The reasoning is partly strategic: France's defence and aerospace sectors require specialised chips with unusual resilience and reliability. More broadly, splitting manufacturing in Germany and packaging in France offers, in Paris's view, a complementary foundation for Europe's semiconductor sovereignty.
Paris on TSMC
Much of Mr. Franck Paris's briefing touched—directly or indirectly—on TSMC, underscoring its gravitational pull in any European semiconductor discussion.
He pointed first to SiPearl's Rhea1 processor, a French-designed energy-efficient microchip that will be manufactured by TSMC. That choice, he said, illustrates both Europe's reliance on the Taiwanese foundry and the ambition to anchor French innovation in global supply chains.

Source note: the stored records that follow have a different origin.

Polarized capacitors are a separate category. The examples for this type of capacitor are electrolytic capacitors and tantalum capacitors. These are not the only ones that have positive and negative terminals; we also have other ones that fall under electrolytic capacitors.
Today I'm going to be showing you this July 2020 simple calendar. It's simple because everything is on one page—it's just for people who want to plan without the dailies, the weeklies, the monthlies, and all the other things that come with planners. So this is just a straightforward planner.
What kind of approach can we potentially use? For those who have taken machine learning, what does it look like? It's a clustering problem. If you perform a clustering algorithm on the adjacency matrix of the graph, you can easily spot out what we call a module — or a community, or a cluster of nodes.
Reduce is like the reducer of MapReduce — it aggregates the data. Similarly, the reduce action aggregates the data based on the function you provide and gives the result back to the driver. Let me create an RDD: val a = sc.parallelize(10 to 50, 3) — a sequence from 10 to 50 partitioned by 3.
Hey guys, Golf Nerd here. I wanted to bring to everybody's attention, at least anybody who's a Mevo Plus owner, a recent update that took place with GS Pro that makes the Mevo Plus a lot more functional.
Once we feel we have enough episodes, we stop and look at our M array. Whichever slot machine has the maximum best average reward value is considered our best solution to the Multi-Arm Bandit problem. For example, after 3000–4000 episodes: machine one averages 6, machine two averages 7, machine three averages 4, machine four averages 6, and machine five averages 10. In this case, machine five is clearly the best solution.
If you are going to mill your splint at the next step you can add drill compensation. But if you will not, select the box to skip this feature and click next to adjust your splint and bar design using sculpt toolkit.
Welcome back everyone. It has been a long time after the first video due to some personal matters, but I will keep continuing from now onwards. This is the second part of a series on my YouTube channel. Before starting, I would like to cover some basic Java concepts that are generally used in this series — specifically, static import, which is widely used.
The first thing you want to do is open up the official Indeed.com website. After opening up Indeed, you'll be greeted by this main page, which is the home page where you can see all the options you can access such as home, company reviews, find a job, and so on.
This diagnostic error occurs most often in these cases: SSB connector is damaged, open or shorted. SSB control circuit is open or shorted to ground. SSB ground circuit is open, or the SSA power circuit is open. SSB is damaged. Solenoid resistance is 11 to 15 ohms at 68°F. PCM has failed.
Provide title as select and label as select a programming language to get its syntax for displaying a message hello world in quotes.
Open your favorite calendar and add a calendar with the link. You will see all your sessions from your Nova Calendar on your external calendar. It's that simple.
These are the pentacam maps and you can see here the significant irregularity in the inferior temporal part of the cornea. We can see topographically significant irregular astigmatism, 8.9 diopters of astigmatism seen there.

Paris also recalled that when former Taiwanese president Tsai Ing-wen visited France in 2024, her delegation included TSMC executives. Their encounter with French start-ups, he said, was eye-opening—an initial recognition of the advanced capabilities embedded in France's ecosystem.
The comparison with Foxconn's €250 million packaging project was deliberate. France, he stressed, never sought "a jigger factory in the TSMC way." Whereas TSMC's megafabs in Arizona or its new site in Germany are built for massive, long-run volumes, France's near-term focus is advanced packaging for defense and aerospace, sectors where performance and resilience outweigh scale.
TSMC's presence in Germany, he added, has already spurred suppliers to expand into central Europe. By the same logic, Paris hopes Foxconn's footprint in France will act as a magnet for other Taiwanese partners.
When pressed on whether France is courting a TSMC fab, he was candid: "Everyone in the world wants TSMC to invest in this place," he said. "But we need to be realistic." For now, the national strategy is to build leadership in packaging, not to replicate TSMC's colossal fabs. Still, he left the invitation open: "If TSMC wants to come to France tomorrow, they will be welcome."
Credit: Digitimes
Foxconn's French footprint
Central to that effort is Foxconn's planned packaging facility, a joint venture with Thales and Radiall announced in May. The plant aims to produce 100 million modules annually by 2031, marking the first significant Taiwanese semiconductor investment in France.
Mr Paris said the project is already evolving:
Broader European participation is being discussed, with new partners expected to join before year's end. The site location will be settled in the same timeframe, with at least five French regions competing to host it. Construction is projected to take two years once chosen.
The scheme is undergoing EU review for subsidy approval, with Paris lobbying for swift clearance.
He described the investment as a "breakthrough" that could attract more Taiwanese suppliers to France, particularly those tied to Foxconn's ecosystem.
Other Franco-Taiwanese collaborations are already underway, including Soitec's work with PSMC on 3D stacking and Cathay Ventures' stake in SiPearl, the French firm designing a European GPU.
Strategic ties in a geopolitical moment
France's manoeuvre is more than industrial policy. It is part of Europe's broader attempt to hedge against supply shocks, a lesson learned during COVID-19 and reinforced by escalating US-China technology tensions. For Taiwan, which sits at the centre of those rivalries, the French overture offers another avenue of strategic partnership.
Mr. Franck Paris struck an optimistic note on the deepening ties, describing it as "a very exciting moment between France and Taiwan, and more broadly between Europe and Taiwan." He said the partnership now carries "real momentum at a time when the geopolitical context makes such cooperation especially meaningful," adding that the relationship is becoming "increasingly strategic."